**Task description:**
Take the records below and retype them line by line, from the first line through the one containing "American Redstart"; stop there.
Data to use: Begin
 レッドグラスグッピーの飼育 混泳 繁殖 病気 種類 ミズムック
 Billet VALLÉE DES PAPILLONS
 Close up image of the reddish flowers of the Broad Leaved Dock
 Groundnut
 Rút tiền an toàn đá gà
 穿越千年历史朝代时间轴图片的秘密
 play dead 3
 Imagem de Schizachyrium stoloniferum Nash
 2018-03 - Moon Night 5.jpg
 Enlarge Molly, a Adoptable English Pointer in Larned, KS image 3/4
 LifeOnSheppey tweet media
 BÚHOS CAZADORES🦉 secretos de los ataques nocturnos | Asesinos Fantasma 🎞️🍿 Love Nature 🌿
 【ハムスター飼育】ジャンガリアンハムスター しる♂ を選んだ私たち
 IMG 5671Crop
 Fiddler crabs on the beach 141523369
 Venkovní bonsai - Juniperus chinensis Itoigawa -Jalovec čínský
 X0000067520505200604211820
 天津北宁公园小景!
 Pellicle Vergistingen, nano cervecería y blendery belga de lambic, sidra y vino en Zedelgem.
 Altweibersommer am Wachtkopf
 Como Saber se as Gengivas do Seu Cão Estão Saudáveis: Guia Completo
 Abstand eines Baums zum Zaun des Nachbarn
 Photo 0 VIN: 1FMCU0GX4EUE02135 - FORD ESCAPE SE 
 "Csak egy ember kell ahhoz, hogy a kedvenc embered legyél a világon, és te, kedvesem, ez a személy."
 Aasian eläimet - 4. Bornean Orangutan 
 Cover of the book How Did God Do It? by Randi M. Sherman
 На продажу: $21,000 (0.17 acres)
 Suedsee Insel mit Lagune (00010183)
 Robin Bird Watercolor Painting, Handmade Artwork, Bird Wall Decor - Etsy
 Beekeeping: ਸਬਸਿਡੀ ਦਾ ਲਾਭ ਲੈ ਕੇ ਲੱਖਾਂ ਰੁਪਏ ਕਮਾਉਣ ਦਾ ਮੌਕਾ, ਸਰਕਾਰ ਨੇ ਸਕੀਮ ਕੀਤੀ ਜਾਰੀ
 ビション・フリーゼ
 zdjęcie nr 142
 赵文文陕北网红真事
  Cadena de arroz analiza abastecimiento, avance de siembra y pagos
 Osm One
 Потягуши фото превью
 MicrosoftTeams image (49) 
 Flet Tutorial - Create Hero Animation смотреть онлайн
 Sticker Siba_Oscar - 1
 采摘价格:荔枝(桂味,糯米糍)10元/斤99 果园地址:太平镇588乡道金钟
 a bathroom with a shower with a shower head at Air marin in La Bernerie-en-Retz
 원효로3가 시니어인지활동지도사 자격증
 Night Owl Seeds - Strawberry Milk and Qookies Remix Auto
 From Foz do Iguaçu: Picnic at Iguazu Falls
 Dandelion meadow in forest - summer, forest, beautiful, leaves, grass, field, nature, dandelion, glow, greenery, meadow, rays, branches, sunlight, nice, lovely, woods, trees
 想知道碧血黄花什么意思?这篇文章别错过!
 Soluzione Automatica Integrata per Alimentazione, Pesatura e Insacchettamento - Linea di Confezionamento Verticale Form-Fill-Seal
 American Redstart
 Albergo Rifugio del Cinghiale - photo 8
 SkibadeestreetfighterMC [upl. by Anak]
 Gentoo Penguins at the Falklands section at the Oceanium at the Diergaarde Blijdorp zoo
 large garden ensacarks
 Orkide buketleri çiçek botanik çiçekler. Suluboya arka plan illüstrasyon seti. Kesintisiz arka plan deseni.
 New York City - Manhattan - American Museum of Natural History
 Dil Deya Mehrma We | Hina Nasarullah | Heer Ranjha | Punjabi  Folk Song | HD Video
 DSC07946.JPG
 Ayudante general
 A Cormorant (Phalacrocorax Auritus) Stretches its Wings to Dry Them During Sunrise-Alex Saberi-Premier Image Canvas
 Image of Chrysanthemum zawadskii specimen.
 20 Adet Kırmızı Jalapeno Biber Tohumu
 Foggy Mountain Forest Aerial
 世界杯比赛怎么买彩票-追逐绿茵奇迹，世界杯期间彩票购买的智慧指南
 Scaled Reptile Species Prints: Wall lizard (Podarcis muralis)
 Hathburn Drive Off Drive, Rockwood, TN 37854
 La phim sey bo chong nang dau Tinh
Data to use: End
**Answer box:**
 レッドグラスグッピーの飼育 混泳 繁殖 病気 種類 ミズムック
 Billet VALLÉE DES PAPILLONS
 Close up image of the reddish flowers of the Broad Leaved Dock
 Groundnut
 Rút tiền an toàn đá gà
 穿越千年历史朝代时间轴图片的秘密
 play dead 3
 Imagem de Schizachyrium stoloniferum Nash
 2018-03 - Moon Night 5.jpg
 Enlarge Molly, a Adoptable English Pointer in Larned, KS image 3/4
 LifeOnSheppey tweet media
 BÚHOS CAZADORES🦉 secretos de los ataques nocturnos | Asesinos Fantasma 🎞️🍿 Love Nature 🌿
 【ハムスター飼育】ジャンガリアンハムスター しる♂ を選んだ私たち
 IMG 5671Crop
 Fiddler crabs on the beach 141523369
 Venkovní bonsai - Juniperus chinensis Itoigawa -Jalovec čínský
 X0000067520505200604211820
 天津北宁公园小景!
 Pellicle Vergistingen, nano cervecería y blendery belga de lambic, sidra y vino en Zedelgem.
 Altweibersommer am Wachtkopf
 Como Saber se as Gengivas do Seu Cão Estão Saudáveis: Guia Completo
 Abstand eines Baums zum Zaun des Nachbarn
 Photo 0 VIN: 1FMCU0GX4EUE02135 - FORD ESCAPE SE 
 "Csak egy ember kell ahhoz, hogy a kedvenc embered legyél a világon, és te, kedvesem, ez a személy."
 Aasian eläimet - 4. Bornean Orangutan 
 Cover of the book How Did God Do It? by Randi M. Sherman
 На продажу: $21,000 (0.17 acres)
 Suedsee Insel mit Lagune (00010183)
 Robin Bird Watercolor Painting, Handmade Artwork, Bird Wall Decor - Etsy
 Beekeeping: ਸਬਸਿਡੀ ਦਾ ਲਾਭ ਲੈ ਕੇ ਲੱਖਾਂ ਰੁਪਏ ਕਮਾਉਣ ਦਾ ਮੌਕਾ, ਸਰਕਾਰ ਨੇ ਸਕੀਮ ਕੀਤੀ ਜਾਰੀ
 ビション・フリーゼ
 zdjęcie nr 142
 赵文文陕北网红真事
  Cadena de arroz analiza abastecimiento, avance de siembra y pagos
 Osm One
 Потягуши фото превью
 MicrosoftTeams image (49) 
 Flet Tutorial - Create Hero Animation смотреть онлайн
 Sticker Siba_Oscar - 1
 采摘价格:荔枝(桂味,糯米糍)10元/斤99 果园地址:太平镇588乡道金钟
 a bathroom with a shower with a shower head at Air marin in La Bernerie-en-Retz
 원효로3가 시니어인지활동지도사 자격증
 Night Owl Seeds - Strawberry Milk and Qookies Remix Auto
 From Foz do Iguaçu: Picnic at Iguazu Falls
 Dandelion meadow in forest - summer, forest, beautiful, leaves, grass, field, nature, dandelion, glow, greenery, meadow, rays, branches, sunlight, nice, lovely, woods, trees
 想知道碧血黄花什么意思?这篇文章别错过!
 Soluzione Automatica Integrata per Alimentazione, Pesatura e Insacchettamento - Linea di Confezionamento Verticale Form-Fill-Seal
 American Redstart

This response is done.